I hear her moaning and gasping and I feign enthusiasm. I speed the tempo and she increases the noise. It is a veritable equation now. Thrust times speed equals volume. It is okay though because her eyes are closed and it's no longer me. I can't be a monster if I can't be seen. She is loving the feelings and has forgotten I am even there. We're just concepts to each other now. We are vague sketches used only for inspiration.

We move, I move really but her body follows me. She is squeezing me with her legs and it is fast like the tempo. The tempo I've set to her very heartbeat. Every three beats we move. Fast beats sending heated blood through her veins. Blood that forces her face to flush and her nipples to harden. Blood that makes her skin hot so that it becomes clammy and soft. Her lips are now slightly bigger than they were before I kissed them. Her body is less rigid and more relaxed. I envy her. Every breath she is made more aware of her pleasure and each of her senses only detects an invisible joy.
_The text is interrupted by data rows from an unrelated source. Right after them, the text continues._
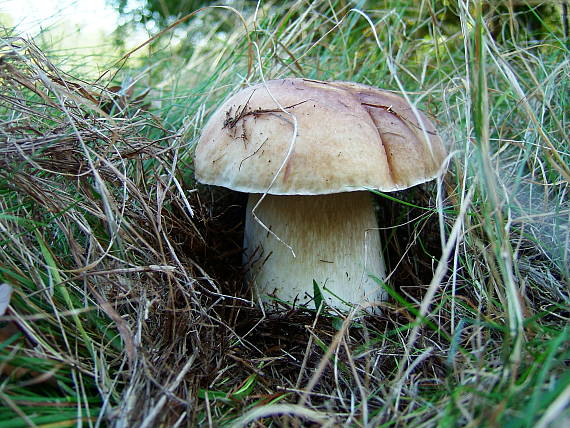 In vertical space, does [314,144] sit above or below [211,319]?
above

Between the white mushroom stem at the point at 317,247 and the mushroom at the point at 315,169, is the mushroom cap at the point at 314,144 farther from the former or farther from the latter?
the white mushroom stem at the point at 317,247

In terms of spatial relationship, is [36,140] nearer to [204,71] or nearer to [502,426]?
[502,426]

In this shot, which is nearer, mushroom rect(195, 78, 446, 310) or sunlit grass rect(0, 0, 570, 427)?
sunlit grass rect(0, 0, 570, 427)

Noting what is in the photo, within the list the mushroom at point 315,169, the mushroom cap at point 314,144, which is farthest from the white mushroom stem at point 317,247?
the mushroom cap at point 314,144

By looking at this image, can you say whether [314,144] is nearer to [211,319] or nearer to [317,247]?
[317,247]

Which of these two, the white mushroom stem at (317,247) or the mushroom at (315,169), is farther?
the white mushroom stem at (317,247)

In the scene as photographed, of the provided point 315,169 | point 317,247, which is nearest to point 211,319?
point 317,247

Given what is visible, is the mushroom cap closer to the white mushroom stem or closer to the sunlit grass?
the sunlit grass

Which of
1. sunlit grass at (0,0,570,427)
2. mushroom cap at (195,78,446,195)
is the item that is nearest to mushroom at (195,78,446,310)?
mushroom cap at (195,78,446,195)
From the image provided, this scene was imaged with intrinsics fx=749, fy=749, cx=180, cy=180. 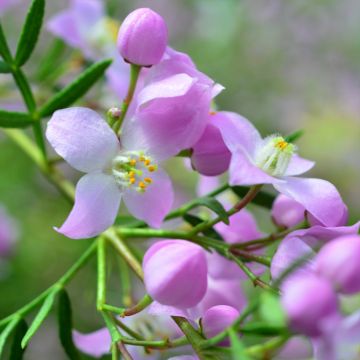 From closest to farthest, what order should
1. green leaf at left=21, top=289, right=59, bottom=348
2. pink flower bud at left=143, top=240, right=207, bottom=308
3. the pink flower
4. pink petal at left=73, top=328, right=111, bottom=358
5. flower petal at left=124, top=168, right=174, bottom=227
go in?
1. pink flower bud at left=143, top=240, right=207, bottom=308
2. green leaf at left=21, top=289, right=59, bottom=348
3. flower petal at left=124, top=168, right=174, bottom=227
4. pink petal at left=73, top=328, right=111, bottom=358
5. the pink flower

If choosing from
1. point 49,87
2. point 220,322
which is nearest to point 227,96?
point 49,87

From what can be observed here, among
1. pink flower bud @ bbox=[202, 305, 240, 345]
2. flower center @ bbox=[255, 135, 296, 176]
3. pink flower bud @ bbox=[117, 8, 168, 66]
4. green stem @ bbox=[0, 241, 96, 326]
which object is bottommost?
green stem @ bbox=[0, 241, 96, 326]

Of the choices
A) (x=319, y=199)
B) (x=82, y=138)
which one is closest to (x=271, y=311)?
(x=319, y=199)

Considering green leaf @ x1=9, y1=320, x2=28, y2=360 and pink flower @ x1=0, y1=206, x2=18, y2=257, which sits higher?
green leaf @ x1=9, y1=320, x2=28, y2=360

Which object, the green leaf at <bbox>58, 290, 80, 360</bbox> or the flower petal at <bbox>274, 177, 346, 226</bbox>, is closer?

From her toes to her head she's becoming a throbbing wave of heaven. My only joy comes from the one part of me that rests inside of heaven. She doesn't know how lucky she is. I can feel myself beginning to go.
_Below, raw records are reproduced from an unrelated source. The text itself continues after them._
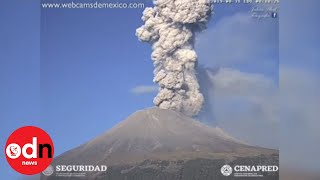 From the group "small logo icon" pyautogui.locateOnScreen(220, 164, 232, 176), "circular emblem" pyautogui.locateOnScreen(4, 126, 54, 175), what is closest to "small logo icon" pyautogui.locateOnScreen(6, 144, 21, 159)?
"circular emblem" pyautogui.locateOnScreen(4, 126, 54, 175)

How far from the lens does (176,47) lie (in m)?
3.19

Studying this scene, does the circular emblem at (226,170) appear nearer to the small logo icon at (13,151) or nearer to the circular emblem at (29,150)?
the circular emblem at (29,150)

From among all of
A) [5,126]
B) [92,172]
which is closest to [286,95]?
[92,172]

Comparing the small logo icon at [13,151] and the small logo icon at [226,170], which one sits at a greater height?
the small logo icon at [13,151]

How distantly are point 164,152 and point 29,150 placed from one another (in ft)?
2.82

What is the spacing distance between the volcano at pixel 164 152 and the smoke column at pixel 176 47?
134 mm

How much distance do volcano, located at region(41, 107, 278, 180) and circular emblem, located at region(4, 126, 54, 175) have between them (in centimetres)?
10

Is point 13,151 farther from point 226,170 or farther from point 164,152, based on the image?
point 226,170

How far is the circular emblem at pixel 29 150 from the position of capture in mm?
2979

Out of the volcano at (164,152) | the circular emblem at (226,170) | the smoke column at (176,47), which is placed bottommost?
the circular emblem at (226,170)

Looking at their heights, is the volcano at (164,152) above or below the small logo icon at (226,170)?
above

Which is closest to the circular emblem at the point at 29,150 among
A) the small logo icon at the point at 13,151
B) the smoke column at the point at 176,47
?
the small logo icon at the point at 13,151

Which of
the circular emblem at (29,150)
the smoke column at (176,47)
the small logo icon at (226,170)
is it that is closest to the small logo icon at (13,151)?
the circular emblem at (29,150)

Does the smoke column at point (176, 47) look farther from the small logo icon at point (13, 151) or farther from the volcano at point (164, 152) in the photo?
the small logo icon at point (13, 151) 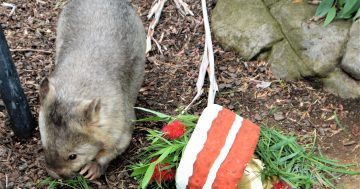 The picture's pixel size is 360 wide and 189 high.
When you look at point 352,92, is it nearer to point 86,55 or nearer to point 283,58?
point 283,58

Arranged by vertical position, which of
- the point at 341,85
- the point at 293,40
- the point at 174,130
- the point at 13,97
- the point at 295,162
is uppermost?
the point at 13,97

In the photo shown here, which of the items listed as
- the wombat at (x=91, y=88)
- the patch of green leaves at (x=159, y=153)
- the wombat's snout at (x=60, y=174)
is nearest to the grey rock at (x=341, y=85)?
the patch of green leaves at (x=159, y=153)

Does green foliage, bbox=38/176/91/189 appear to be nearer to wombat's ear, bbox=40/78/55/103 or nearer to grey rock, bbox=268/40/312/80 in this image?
wombat's ear, bbox=40/78/55/103

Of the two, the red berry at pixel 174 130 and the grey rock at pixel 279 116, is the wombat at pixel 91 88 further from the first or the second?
the grey rock at pixel 279 116

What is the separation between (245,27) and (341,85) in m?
1.19

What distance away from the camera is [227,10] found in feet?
21.7

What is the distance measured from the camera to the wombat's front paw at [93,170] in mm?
4918

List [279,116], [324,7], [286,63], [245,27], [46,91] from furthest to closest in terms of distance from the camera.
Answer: [245,27] < [286,63] < [324,7] < [279,116] < [46,91]

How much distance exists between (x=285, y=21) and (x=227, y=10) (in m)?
0.73

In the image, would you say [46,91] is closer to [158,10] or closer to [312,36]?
[158,10]

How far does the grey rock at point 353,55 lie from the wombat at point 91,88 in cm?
188

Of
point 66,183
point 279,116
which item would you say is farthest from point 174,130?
point 279,116

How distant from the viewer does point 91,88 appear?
193 inches

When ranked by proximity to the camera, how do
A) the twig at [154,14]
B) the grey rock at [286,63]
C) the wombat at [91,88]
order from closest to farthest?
the wombat at [91,88], the grey rock at [286,63], the twig at [154,14] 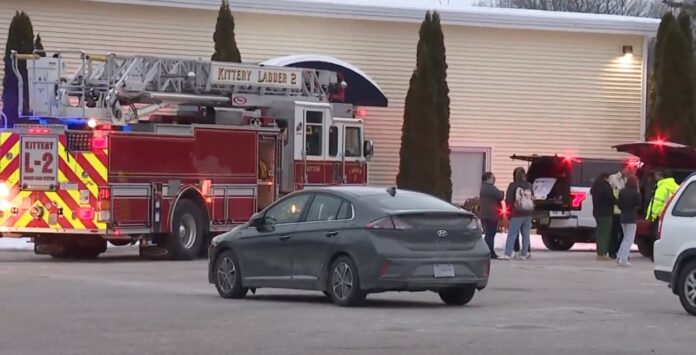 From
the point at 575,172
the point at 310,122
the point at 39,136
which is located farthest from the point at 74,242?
the point at 575,172

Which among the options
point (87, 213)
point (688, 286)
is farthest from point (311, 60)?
point (688, 286)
For a few seconds I will have my reward too. Maybe two seconds at most. I unconsciously warn her with a gasp and she squeezes me with her arms and legs about me and thrusts herself to meet me once more time before it happens.
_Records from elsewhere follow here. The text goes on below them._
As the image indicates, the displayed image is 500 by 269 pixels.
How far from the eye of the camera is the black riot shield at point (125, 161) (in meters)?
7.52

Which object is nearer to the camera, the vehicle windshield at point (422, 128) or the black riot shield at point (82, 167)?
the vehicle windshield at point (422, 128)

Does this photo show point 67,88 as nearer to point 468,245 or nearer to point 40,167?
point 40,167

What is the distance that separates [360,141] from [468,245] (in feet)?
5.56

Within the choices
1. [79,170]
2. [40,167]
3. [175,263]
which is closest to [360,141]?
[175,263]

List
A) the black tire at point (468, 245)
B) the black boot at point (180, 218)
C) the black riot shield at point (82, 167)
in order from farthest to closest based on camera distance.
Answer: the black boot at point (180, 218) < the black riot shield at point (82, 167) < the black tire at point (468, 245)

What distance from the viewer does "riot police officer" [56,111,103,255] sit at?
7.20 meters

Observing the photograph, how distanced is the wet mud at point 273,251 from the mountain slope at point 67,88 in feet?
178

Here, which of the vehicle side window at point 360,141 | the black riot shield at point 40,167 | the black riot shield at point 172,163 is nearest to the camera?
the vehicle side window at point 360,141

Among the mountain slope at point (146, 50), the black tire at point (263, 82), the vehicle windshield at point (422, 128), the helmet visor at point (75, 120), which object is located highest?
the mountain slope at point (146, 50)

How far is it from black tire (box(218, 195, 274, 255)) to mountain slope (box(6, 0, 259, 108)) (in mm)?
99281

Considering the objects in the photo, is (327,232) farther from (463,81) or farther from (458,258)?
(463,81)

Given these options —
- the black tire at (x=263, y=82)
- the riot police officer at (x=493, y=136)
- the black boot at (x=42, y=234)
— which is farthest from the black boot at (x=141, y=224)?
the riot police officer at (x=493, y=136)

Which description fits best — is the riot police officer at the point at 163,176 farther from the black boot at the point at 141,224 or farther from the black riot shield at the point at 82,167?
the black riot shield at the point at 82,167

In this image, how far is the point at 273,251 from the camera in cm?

Two seconds, for two seconds the clouds part, for two seconds I am not even there anymore. I am God and the world is my kingdom. I have no body I am pure energy and it is a good energy. For two seconds I have no pain and what's more I've never had pain and never will. I don't know what pain is, or sorrow or loss. I've never been hurt or destroyed. I have never been born but at the same time I am immortal. For two seconds.

And then I am done and I exhale having forgotten to breathe. My body follows short suit and is twitching beyond my control. I look down and she is smiling at me. I no longer care about the mood. Her smile tells me that we both survived it. That it was good and I kept her happy. That she doesn't feel she has wasted herself on me. She thinks that we were one. We weren't one. We were complete though. Each complete within ourselves with the other just an abstract concept. That is what I wanted and that is what I loved about it.

I kiss her and stroke her face. She now loves me, if only for a moment.